Engineering and Technology
AI-assisted discovery of high-temperature dielectrics for energy storage
R. Gurnani, S. Shukla, et al.
This groundbreaking research, conducted by Rishi Gurnani and colleagues, harnesses artificial intelligence and polymer chemistry to discover a polynorbornene dielectric that significantly outperforms existing options, boasting an energy density of 8.3 J cc⁻¹ at 200 °C. The team reveals exciting pathways for enhancing these materials further, showcasing the transformative potential of AI in materials design.

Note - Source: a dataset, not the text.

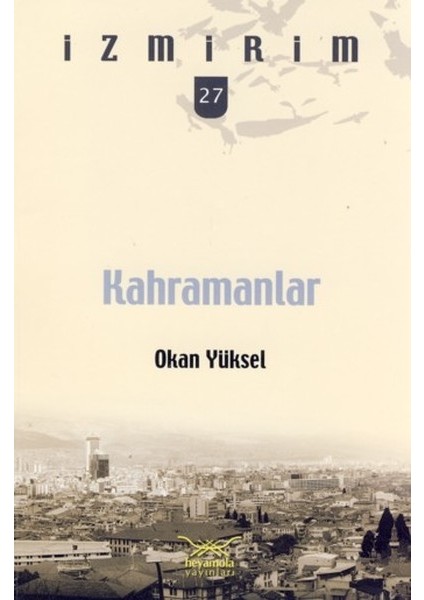 Kahramanlar / Izmirim - 27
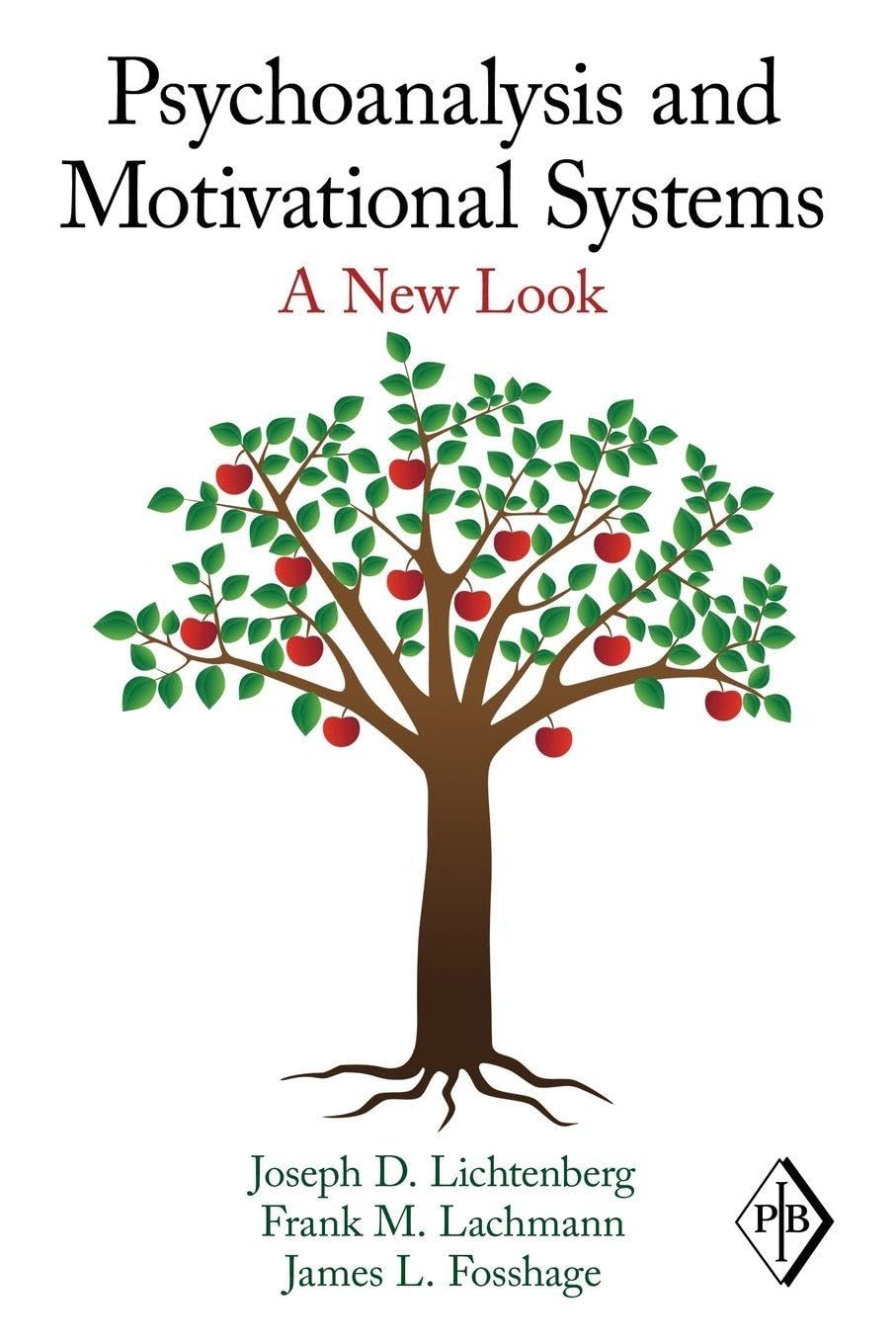 Psychoanalysis and Motivational Systems: A New Look: 33 (Psychoanalytic Inquiry Book Series)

~3 min • Beginner • English
Introduction
Electrostatic capacitors are vital for high-power applications across defense, aerospace, energy, and transportation due to their unparalleled power density. However, a key challenge is enhancing discharged energy density (U) at elevated temperatures to reduce size, weight, and cooling requirements. Today’s benchmark dielectric, biaxially oriented polypropylene (BOPP), offers low loss and large electronic band gap due to absence of π-stacking moieties, but suffers from low dielectric constant and poor mechanical stability at high temperature, leading to rapid degradation of U with increasing temperature. Commercial high-temperature alternatives (e.g., polyimide, PEEK, PEI, FPE) often sacrifice band gap and thus energy density. The research question is how to design polymer dielectrics that simultaneously achieve high glass-transition temperature (Tg), large band gap (Eg), and moderate-to-high dielectric constant (ε), yielding high U at high temperatures. The study frames materials search as an optimization problem over polymer chemical structures and introduces an AI-driven pipeline, polyVERSE, to generate synthetically accessible polymers from available monomers, predict key properties, and screen candidates. The purpose is to fill the performance gap for 85–200 °C operation where no commercial solution exists, reducing cooling system needs and enabling broader deployment. The significance lies in combining AI with reaction-aware structure generation and multitask GNN property prediction to accelerate discovery and overcome traditional tradeoffs.
Literature Review
The work builds on decades of polymer dielectrics research where BOPP has dominated due to low loss and large Eg but fails at high temperatures. High-temperature polymers like PI (Kapton), PEEK, PEI, and FPE provide thermal stability but have lower Eg and U. Prior AI and informatics approaches have guided polymer design up to ~100 °C energy density, including co-design strategies, genetic algorithms, variational autoencoders, and databases such as PI1M. Reaction-aware virtual libraries (OMG, SMiPoly) generate synthetically accessible polymers but may not fully enforce constraints favoring high molecular weight formation. ROMP has produced some of the best high-T dielectrics reported. There is also literature on composites with semiconducting nanofillers improving high-T U, and on green solvent selection and environmentally benign synthesis pathways. The present work advances by tightly integrating synthesizability-aware virtual forward synthesis with multitask GNN property prediction tailored to Tg, Eg, and ε, and by extending screening to solubility in green solvents.
Methodology
AI-driven design via polyVERSE: The approach comprises three steps: (1) chemical structure generation using reaction templates applied to commercially available small-molecule monomers; (2) property prediction via multitask graph neural networks (polyGNN) for Tg, Eg, and ε; and (3) screening using property thresholds and ranking.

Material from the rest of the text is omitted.